> What the task asks:
Should a picture appear anywhere in the data, omit it and copy everything else exactly.

** Opening Data provided block **

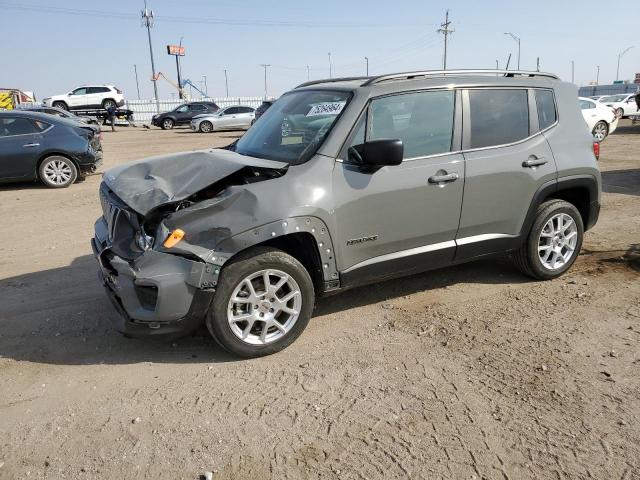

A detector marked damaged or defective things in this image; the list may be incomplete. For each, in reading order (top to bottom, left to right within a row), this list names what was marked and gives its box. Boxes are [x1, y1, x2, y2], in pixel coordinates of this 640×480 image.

crushed front bumper [91, 218, 215, 338]
damaged front end [92, 148, 288, 336]
crumpled hood [103, 148, 288, 216]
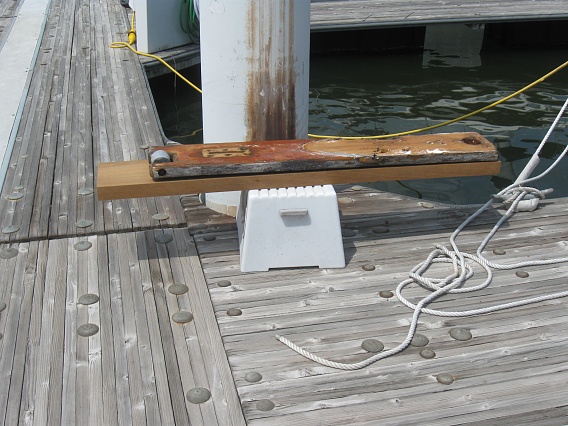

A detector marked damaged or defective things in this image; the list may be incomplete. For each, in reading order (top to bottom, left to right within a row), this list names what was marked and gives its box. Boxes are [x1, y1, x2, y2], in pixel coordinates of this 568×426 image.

rust stain on post [245, 0, 298, 142]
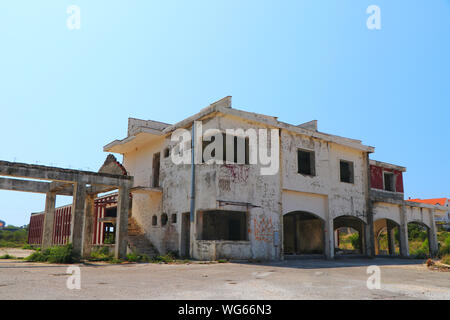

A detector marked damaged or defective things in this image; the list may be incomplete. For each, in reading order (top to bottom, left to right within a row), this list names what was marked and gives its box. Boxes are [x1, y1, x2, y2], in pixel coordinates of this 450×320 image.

cracked asphalt ground [0, 258, 450, 300]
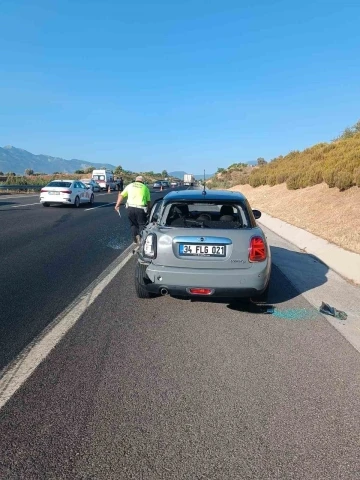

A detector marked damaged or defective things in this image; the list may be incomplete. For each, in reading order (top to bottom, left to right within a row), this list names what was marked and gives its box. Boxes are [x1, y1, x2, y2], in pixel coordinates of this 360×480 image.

broken rear windshield [162, 200, 250, 228]
damaged car rear [134, 189, 270, 302]
broken plastic piece [320, 302, 348, 320]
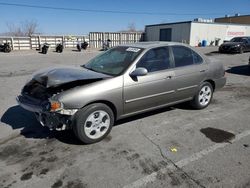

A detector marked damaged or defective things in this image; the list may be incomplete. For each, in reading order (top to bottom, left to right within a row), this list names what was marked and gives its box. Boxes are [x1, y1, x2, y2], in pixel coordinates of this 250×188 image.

front bumper damage [16, 94, 77, 130]
damaged silver sedan [16, 41, 226, 143]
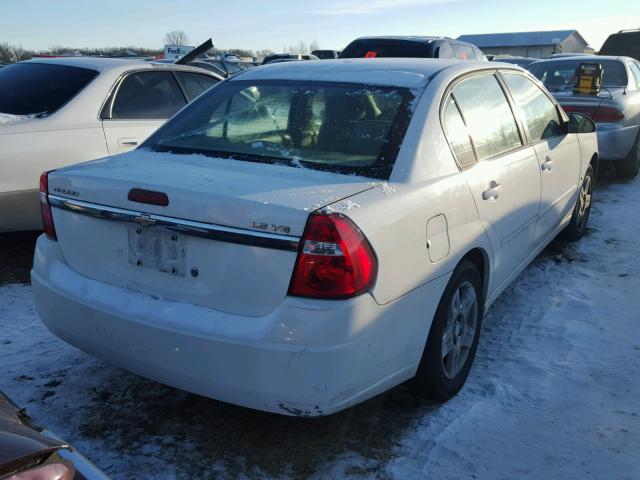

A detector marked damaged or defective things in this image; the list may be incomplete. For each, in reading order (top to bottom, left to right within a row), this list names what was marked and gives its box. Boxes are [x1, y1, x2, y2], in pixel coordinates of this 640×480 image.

dent on bumper [596, 123, 636, 160]
dent on bumper [31, 236, 450, 416]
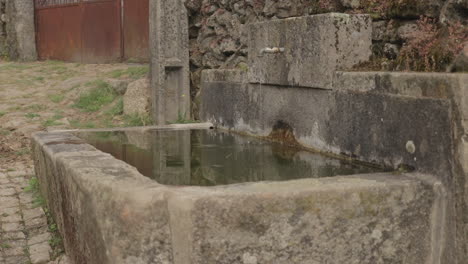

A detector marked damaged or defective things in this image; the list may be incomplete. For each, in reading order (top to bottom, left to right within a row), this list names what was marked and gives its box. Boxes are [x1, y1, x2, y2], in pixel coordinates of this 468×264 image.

rusty red gate [34, 0, 148, 63]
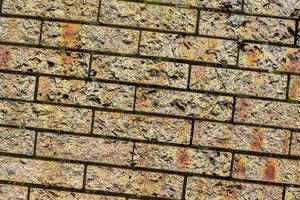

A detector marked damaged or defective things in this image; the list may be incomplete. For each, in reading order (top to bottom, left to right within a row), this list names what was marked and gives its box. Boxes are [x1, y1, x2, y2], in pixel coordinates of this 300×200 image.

** Closing Data provided block **

> Answer to this task:
A detector marked damaged or defective things in this image; the list may be incomplete. For each, in reading order (top to bottom, left to right within a row), this list names what was marked and gives its box. Boxes are [x1, y1, x2, y2], in pixel coordinates of this 640×480 image.

crushed front bumper [91, 218, 215, 338]
damaged front end [92, 148, 288, 336]
crumpled hood [103, 148, 288, 216]

A detector marked damaged or defective things in this image; the list may be incomplete. For each, in reading order (top to bottom, left to right within a row), this list names what was marked and gives its box. Boxes are [x1, y1, x2, y2], in pixel coordinates of this 568×426 image.

rust stain on post [245, 0, 298, 142]

A detector marked damaged or defective things in this image; the list may be incomplete. For each, in reading order (top to bottom, left to right within a row), this list names what was marked and gives its box. Boxes are [x1, y1, x2, y2], in pixel coordinates of this 450×320 image.

cracked asphalt ground [0, 258, 450, 300]

A detector marked damaged or defective things in this image; the list may be incomplete. For each, in reading order (top to bottom, left to right within a row), this list names what was marked and gives its box. Boxes are [x1, y1, x2, y2], in pixel coordinates of this 360×480 image.

broken rear windshield [162, 200, 250, 228]
damaged car rear [134, 189, 270, 302]
broken plastic piece [320, 302, 348, 320]

A detector marked damaged or defective things in this image; the list may be incomplete. For each, in reading order (top to bottom, left to right within a row), this list names what was marked and gives its box. Boxes are [x1, y1, x2, y2], in pixel coordinates of this 250×188 image.

front bumper damage [16, 94, 77, 130]
damaged silver sedan [16, 41, 226, 143]

A detector marked damaged or defective things in this image; the list may be incomplete. For each, in reading order (top to bottom, left to right within a row), this list names what was marked and gives its box. Boxes are [x1, y1, x2, y2], in pixel coordinates of this 640×480 image.

dent on bumper [596, 123, 636, 160]
dent on bumper [31, 236, 450, 416]

A detector marked damaged or defective things in this image; the list may be incomplete. For each, in reading order (top to bottom, left to right within a row), this list names what was marked and gives its box. Boxes are [x1, y1, x2, y2], in pixel coordinates of this 468×264 image.

rusty red gate [34, 0, 148, 63]

A detector marked damaged or defective things in this image; the list may be incomplete. For each, in reading order (top to bottom, left to right within a row), this list names what was marked and gives its box. Boxes are [x1, y1, x2, y2], in pixel coordinates of this 300×200 image.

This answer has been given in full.